• What the task asks: From the first line to the last, repeat the data exactly and drop the pictures.

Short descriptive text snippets
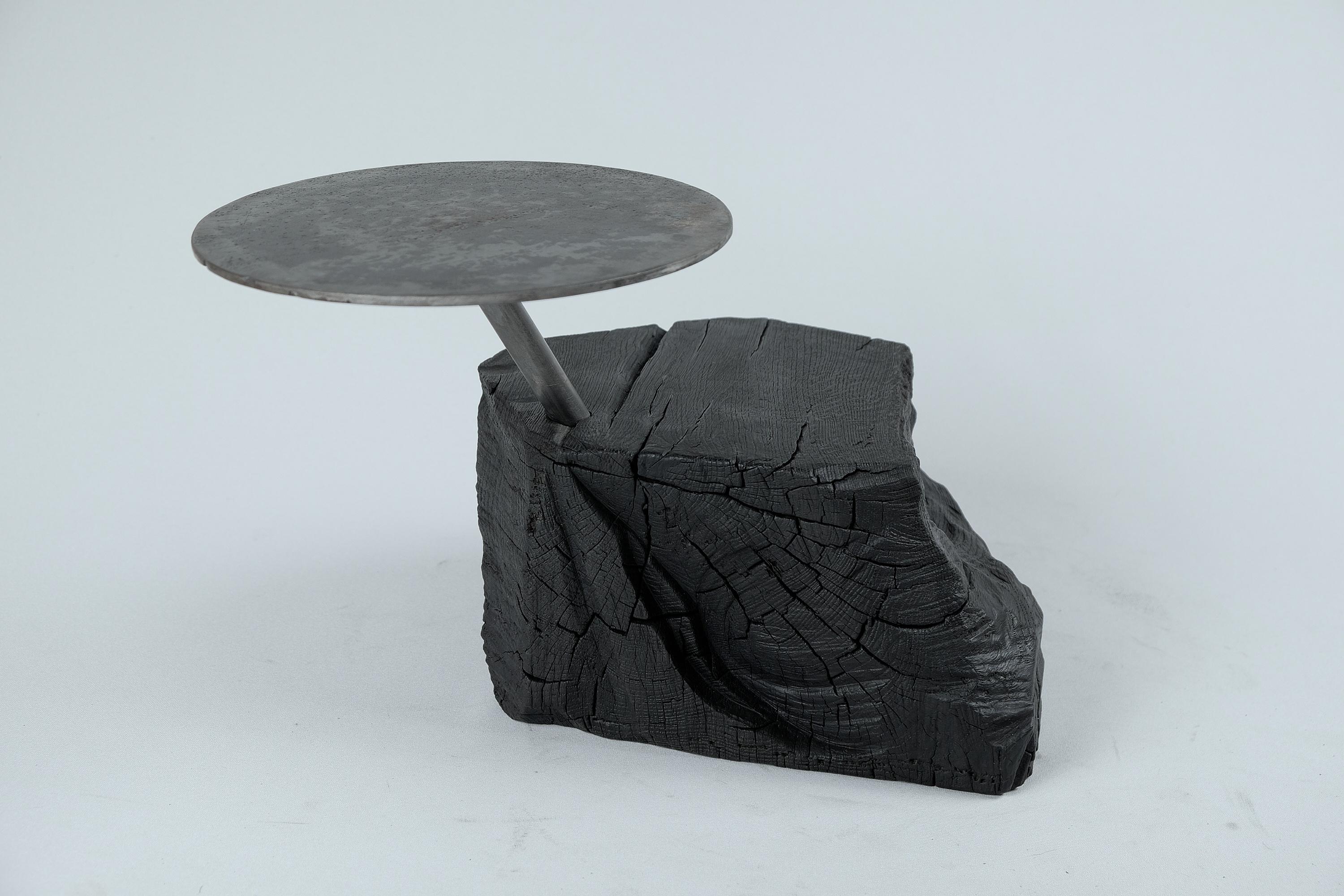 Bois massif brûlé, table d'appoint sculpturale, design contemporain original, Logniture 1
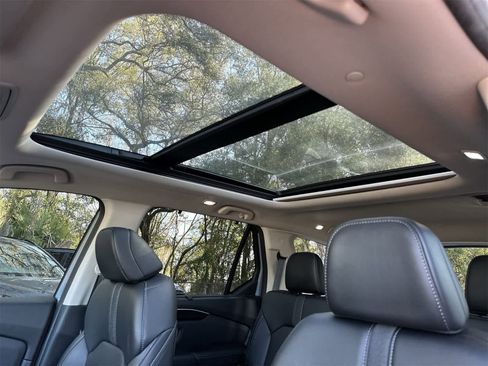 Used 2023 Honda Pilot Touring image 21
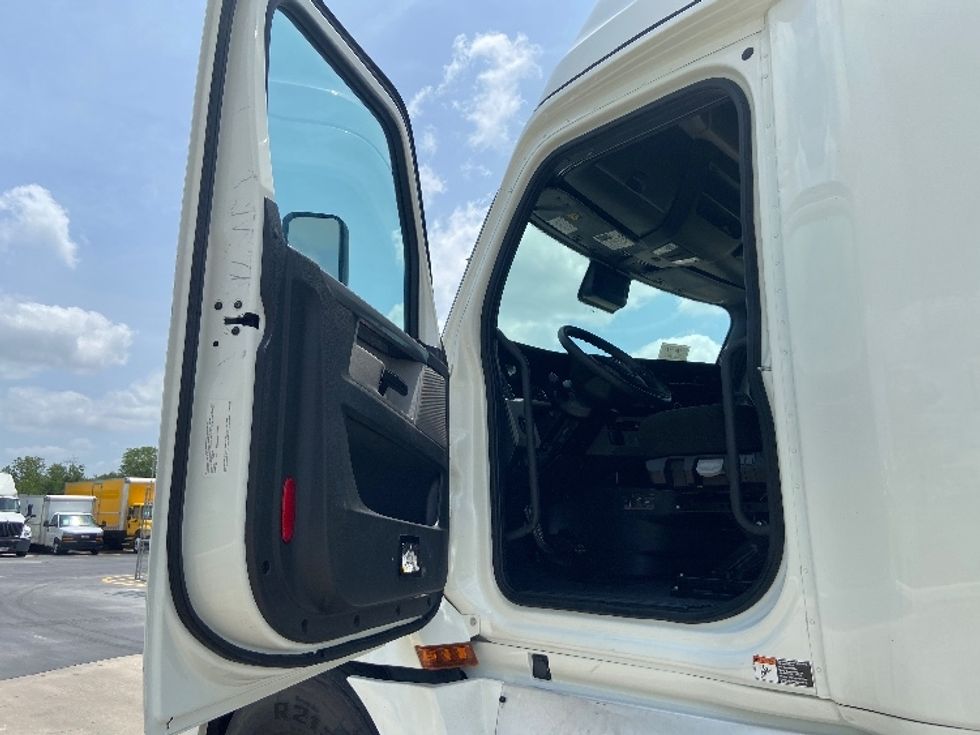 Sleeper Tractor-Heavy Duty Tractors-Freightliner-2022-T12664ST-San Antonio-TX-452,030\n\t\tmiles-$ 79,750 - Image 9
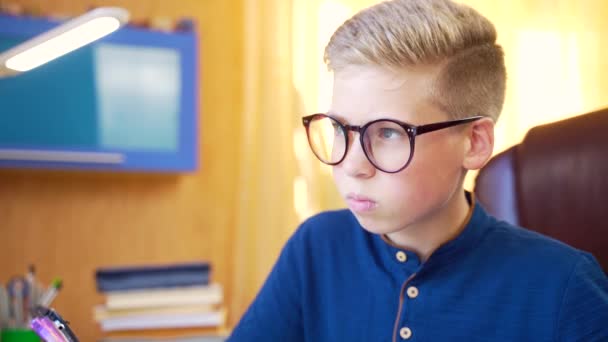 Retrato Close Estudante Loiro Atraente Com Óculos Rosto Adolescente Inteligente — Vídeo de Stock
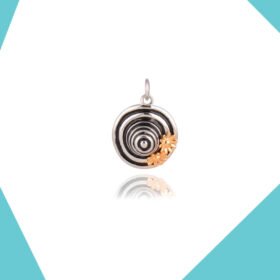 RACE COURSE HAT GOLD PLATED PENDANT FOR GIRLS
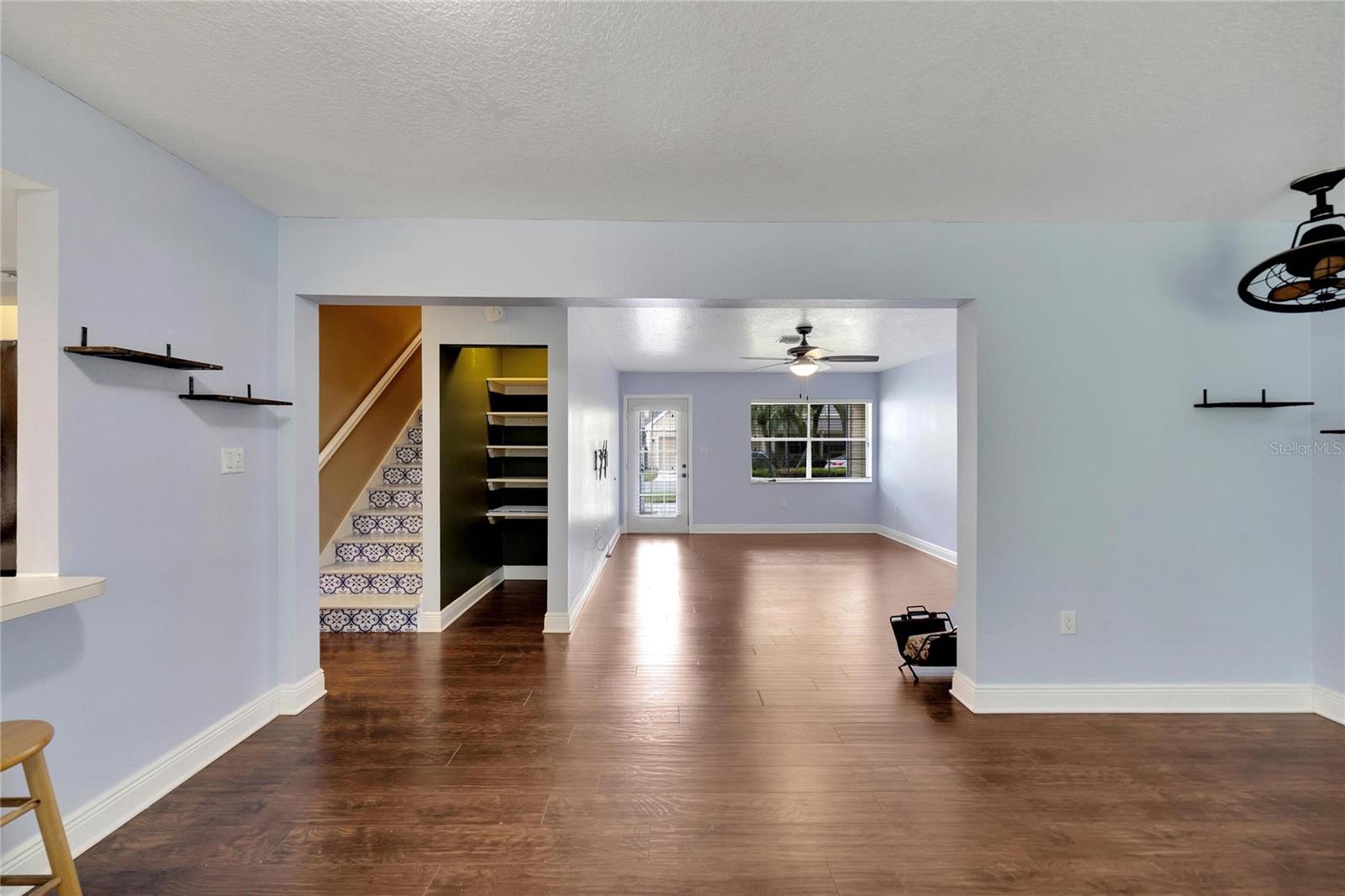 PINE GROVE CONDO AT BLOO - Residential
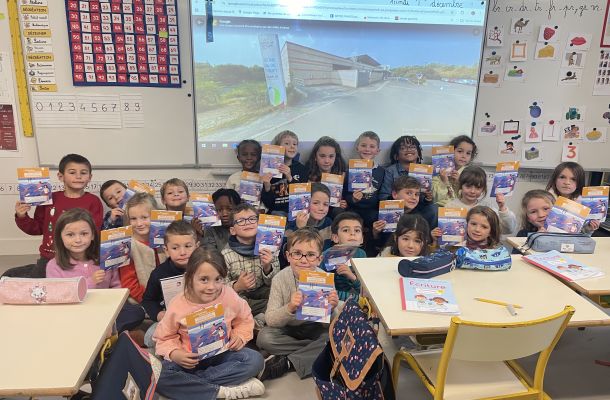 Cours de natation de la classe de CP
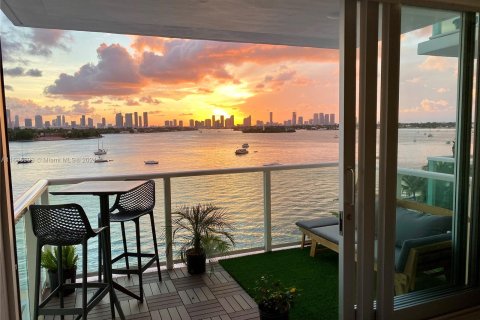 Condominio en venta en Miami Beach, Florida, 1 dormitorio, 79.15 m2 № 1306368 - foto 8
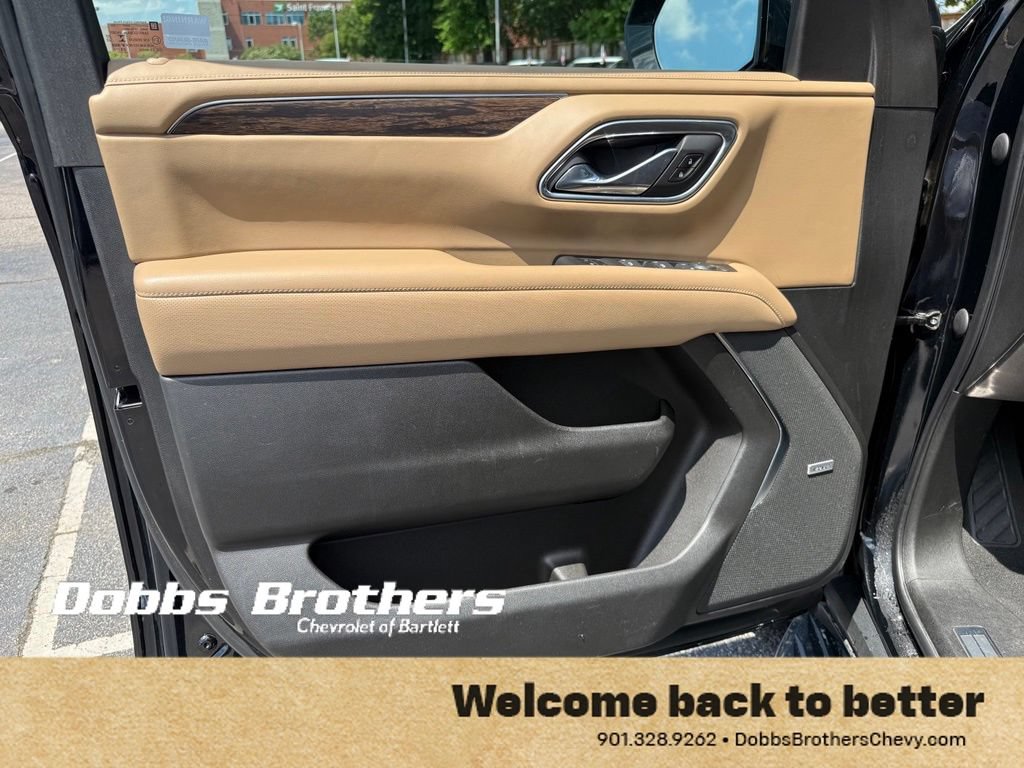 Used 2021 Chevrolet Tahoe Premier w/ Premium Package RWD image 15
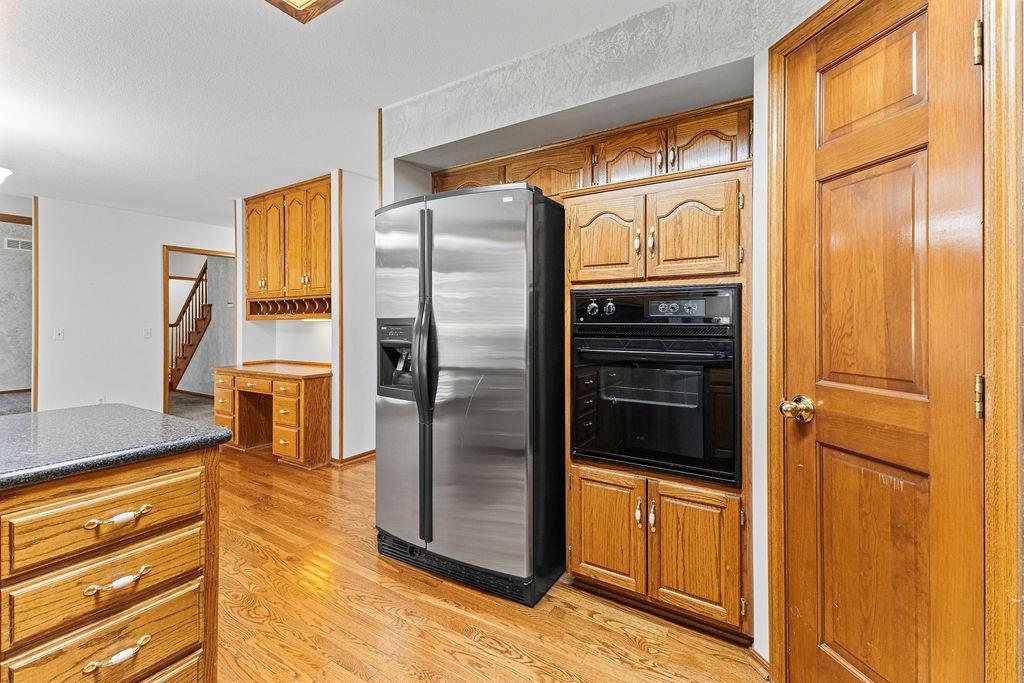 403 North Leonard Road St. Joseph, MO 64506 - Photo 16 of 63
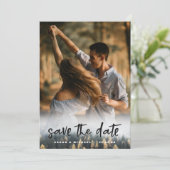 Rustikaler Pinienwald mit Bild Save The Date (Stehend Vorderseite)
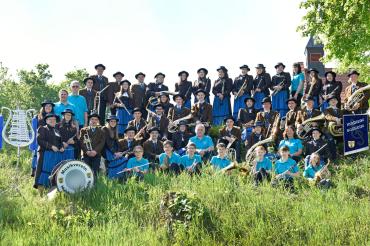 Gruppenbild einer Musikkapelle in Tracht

• Answer section:
 Bois massif brûlé, table d'appoint sculpturale, design contemporain original, Logniture 1
 Used 2023 Honda Pilot Touring image 21
 Sleeper Tractor-Heavy Duty Tractors-Freightliner-2022-T12664ST-San Antonio-TX-452,030\n\t\tmiles-$ 79,750 - Image 9
 Retrato Close Estudante Loiro Atraente Com Óculos Rosto Adolescente Inteligente — Vídeo de Stock
 RACE COURSE HAT GOLD PLATED PENDANT FOR GIRLS
 PINE GROVE CONDO AT BLOO - Residential
 Cours de natation de la classe de CP
 Condominio en venta en Miami Beach, Florida, 1 dormitorio, 79.15 m2 № 1306368 - foto 8
 Used 2021 Chevrolet Tahoe Premier w/ Premium Package RWD image 15
 403 North Leonard Road St. Joseph, MO 64506 - Photo 16 of 63
 Rustikaler Pinienwald mit Bild Save The Date (Stehend Vorderseite)
 Gruppenbild einer Musikkapelle in Tracht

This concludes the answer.